Gençliğimden ve dünyevi oluşlara olan uzaklığımdan utansam da,onlar hala diş teli takan ve sırt çantasında çıkartmalar bulunan bir öğrenci tarafından akademik olarak yenilmekten daha çok utanmışlardı.Sonunda ilk diplomamı almıştım,sonra ikincisini ardından da üçüncüsünü.Bu arada yirmi beş yaşıma basmış doktora sonrası üniversite öğretim üyeliğine girmiş,belli bir görev süresi boyunca ders veriyordum,ve özel bir araştırma imtiyazı kazanmıştım.Ama dünyadaki tüm akademik başarılardan iyisi,aşıktım.

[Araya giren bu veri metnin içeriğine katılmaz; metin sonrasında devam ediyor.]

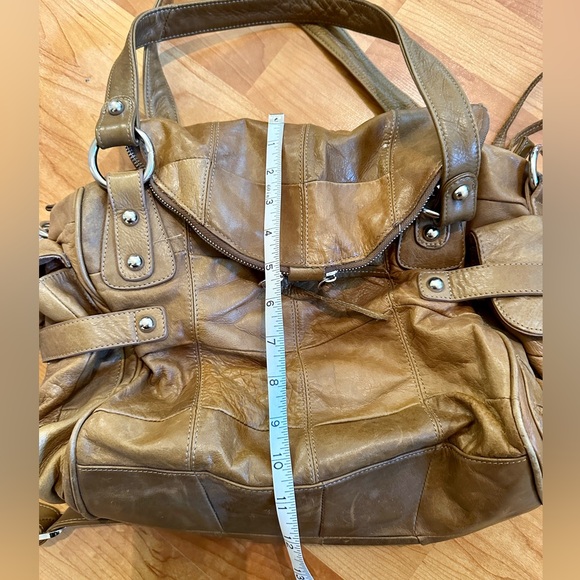 Jesslyn Blake Leather Weekend Bag - Picture 11 of 12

Onun karakterine ve güzelliğine savurgan övgüler düzmek sevgilime hakaret olurdu.Birine gerçekten,sersemce karasevdalıysanız subjektifliğinizin keskin pusu onların etrafını çevreler,her kusurunu o kadar cilalar ki dünyadaki en değerli mücevhermişçesine parlarlar.Onun yumuşak ılık cildini düşünmek tüm gün aklımı kemirdi,ve geceleri onunla olmanın,doğal parfümünün kasvetli kokusunu soluyup gününün nasıl geçtiğini anlatışını dinlemenin özlemini çektim.Ötekileri karşı çıkabilir,ama bana göre o dünyadaki en mükemmel insandı.
Tess’in depresif olduğunu biliyordum.Kendimi beğenmişliğimle onu tedavi edebileceğimi sandım,nesiller boyu psikologların ve eczacıların başaramadığı şeyi başaracağımı sandım.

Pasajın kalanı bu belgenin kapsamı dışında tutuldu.